American writer (1899–1990)

John Wesley Conroy (December 5, 1899 – February 28, 1990) was a leftist American writer, also known as a worker-writer. He was best known for his contributions to proletarian literature: fiction and nonfiction about the life of American workers during the early decades of the 20th century.

==Background==
"Jack" Conroy was born John Wesley Conroy to Irish immigrants on December 5, 1899, in the coal mining camp of Monkey Nest near Moberly, Missouri. Elements of his childhood experiences growing up in a mining camp can be seen in his Depression-era novels, The Disinherited and A World to Win.

==Career==
Though he did not complete a formal education, Conroy worked at various jobs including: railroad shop apprentice (and eventual foreman), recording secretary for the Brotherhood of Railway Carmen of America union, an auto factory worker, and construction. While he worked, he wrote, and it is said that in 1934, during a heat wave, Conroy moved his kitchen table outdoors beneath a shade tree where he created his second novel, A World to Win.

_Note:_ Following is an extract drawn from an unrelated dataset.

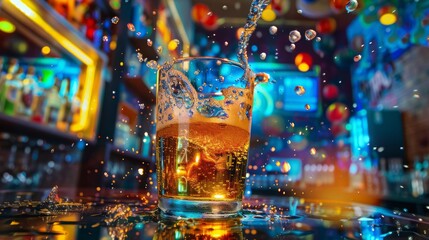 Beer pouring into glass at colorful night club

From 1931 to 1941 Conroy edited successively the magazines Rebel Poet, The Anvil, and The New Anvil. He included works by Erskine Caldwell, Langston Hughes, and William Carlos Williams, among others. Conroy later edited, with Curt Johnson, a collection of these pieces, Writers in Revolt: The Anvil Anthology (1973). He also contributed to the New Masses magazine as writer and contributing editor; often, his work was reviewed in that magazine, too.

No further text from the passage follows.